Lesson Plan

Lesson Plan
Grade: Date: 17/01/2026
Subject: Computer Science
Lesson Topic: Understand the purpose of components in Von Neumann architecture
Learning Objective/s:
  • Describe the purpose of each component in the Von Neumann architecture (CPU, CU, ALU, Memory, I/O, Bus).
  • Explain the fetch‑decode‑execute cycle and how the components interact during program execution.
  • Analyse how sharing a single memory and bus creates the Von Neumann bottleneck.
  • Apply the cycle to a simple ADD instruction to predict data flow and results.
  • Compare the basic model with modern enhancements such as caches and pipelines.
Materials Needed:
  • Projector and screen
  • Printed diagram of the Von Neumann architecture
  • Worksheet with component purpose table and instruction‑cycle tasks
  • Laptops with a basic assembly‑language simulator
  • Whiteboard and markers
  • Exit‑ticket slips
Introduction:

Begin with a quick poll: “What parts of a computer do you think make it ‘think’?” Connect students’ prior knowledge of CPUs and memory to the new focus on how these parts cooperate.
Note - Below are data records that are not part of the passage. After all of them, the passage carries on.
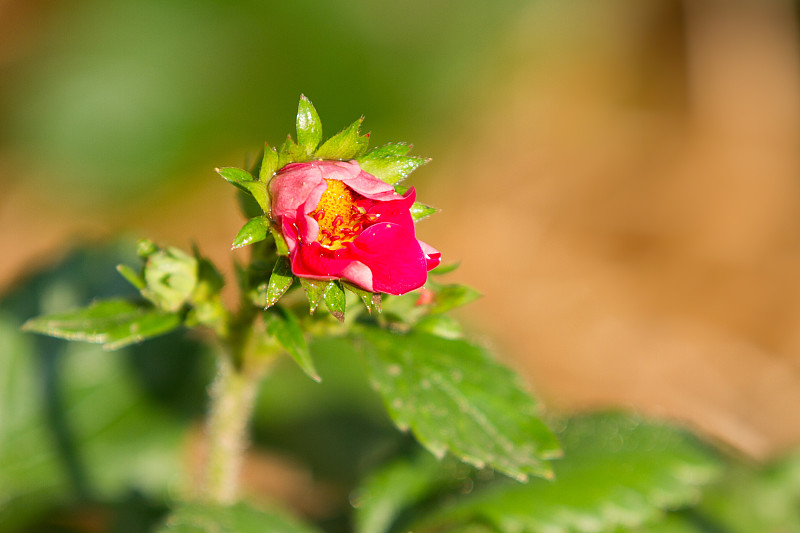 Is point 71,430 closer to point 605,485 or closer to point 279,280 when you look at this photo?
point 279,280

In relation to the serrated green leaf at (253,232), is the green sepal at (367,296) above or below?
below

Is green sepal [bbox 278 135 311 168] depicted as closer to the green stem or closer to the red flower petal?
the red flower petal

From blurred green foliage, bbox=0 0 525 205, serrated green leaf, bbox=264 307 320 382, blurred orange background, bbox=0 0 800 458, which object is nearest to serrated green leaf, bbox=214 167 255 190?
serrated green leaf, bbox=264 307 320 382

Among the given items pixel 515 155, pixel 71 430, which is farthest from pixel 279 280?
pixel 515 155

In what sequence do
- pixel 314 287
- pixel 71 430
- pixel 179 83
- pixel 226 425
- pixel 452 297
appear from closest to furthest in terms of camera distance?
pixel 314 287
pixel 452 297
pixel 226 425
pixel 71 430
pixel 179 83

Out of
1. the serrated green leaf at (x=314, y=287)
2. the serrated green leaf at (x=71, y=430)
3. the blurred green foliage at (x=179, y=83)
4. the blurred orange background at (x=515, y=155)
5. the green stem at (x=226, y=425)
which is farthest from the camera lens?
the blurred green foliage at (x=179, y=83)

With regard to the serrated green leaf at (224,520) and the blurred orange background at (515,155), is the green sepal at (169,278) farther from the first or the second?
the blurred orange background at (515,155)

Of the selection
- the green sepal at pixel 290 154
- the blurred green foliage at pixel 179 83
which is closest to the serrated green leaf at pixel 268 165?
the green sepal at pixel 290 154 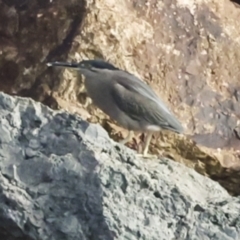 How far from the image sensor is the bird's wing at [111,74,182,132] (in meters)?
4.51

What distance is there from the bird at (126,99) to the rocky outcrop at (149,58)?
0.17 m

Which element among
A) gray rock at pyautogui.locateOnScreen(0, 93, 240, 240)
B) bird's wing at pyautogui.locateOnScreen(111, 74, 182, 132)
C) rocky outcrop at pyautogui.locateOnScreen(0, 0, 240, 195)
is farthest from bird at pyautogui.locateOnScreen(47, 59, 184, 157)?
gray rock at pyautogui.locateOnScreen(0, 93, 240, 240)

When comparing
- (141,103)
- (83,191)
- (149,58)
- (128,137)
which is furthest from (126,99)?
(83,191)

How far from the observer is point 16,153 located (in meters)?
3.14

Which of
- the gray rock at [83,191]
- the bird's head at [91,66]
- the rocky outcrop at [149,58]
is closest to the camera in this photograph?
the gray rock at [83,191]

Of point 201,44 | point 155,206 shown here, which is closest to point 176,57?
point 201,44

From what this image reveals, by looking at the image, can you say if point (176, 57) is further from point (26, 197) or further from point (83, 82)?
point (26, 197)

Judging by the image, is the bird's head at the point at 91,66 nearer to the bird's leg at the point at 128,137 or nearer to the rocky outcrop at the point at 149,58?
the rocky outcrop at the point at 149,58

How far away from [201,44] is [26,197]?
235 cm

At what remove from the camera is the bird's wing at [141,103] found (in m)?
4.51

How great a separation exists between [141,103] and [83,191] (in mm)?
1570

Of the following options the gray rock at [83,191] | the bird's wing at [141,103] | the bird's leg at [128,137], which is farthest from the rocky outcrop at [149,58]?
the gray rock at [83,191]

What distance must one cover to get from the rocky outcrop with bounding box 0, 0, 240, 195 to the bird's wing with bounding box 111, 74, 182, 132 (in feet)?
0.79

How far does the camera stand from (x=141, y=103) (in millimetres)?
4527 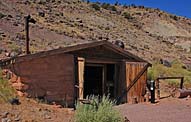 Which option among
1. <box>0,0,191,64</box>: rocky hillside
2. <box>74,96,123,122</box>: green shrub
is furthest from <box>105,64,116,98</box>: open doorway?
<box>74,96,123,122</box>: green shrub

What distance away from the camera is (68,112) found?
15062 mm

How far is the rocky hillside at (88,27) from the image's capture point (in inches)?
1228

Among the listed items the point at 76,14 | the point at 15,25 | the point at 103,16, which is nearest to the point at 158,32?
the point at 103,16

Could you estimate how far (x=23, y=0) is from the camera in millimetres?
45938

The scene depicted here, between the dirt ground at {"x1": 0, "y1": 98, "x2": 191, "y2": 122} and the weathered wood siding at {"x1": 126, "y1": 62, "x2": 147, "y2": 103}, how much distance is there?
1.27 m

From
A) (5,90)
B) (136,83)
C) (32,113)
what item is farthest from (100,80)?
(32,113)

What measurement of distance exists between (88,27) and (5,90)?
2868cm

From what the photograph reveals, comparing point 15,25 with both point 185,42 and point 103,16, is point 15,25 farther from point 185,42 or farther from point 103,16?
point 185,42

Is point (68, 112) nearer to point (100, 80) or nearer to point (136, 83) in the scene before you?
point (136, 83)

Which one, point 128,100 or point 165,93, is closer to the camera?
point 128,100

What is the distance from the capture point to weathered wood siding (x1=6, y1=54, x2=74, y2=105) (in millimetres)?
15716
Explain that by the end of the lesson they will be able to trace a complete instruction through the system and identify where performance limits arise.

Lesson Structure:
  1. Do‑now (5’) – Students list known computer components; teacher collects a quick mind‑map.
  2. Mini‑lecture (10’) – Using the projected diagram, describe each component’s purpose and introduce the bus system.
  3. Guided demonstration (12’) – Walk through the fetch‑decode‑execute cycle on a sample ADD instruction with the simulator, highlighting data movement on the bus.
  4. Pair activity (10’) – Learners complete a worksheet mapping each step of the cycle to the relevant component and bus line.
  5. Whole‑class discussion (8’) – Discuss the “Von Neumann bottleneck” and modern mitigations (caches, pipelines).
  6. Exit ticket (5’) – Each student writes one way modern computers reduce the bottleneck.
Conclusion:

Recap the role of each component and the sequence of the instruction cycle, emphasizing how the shared bus can limit speed. Collect exit tickets to gauge understanding and assign a short homework: research one modern architecture feature that addresses the bottleneck and prepare a one‑sentence summary for the next class.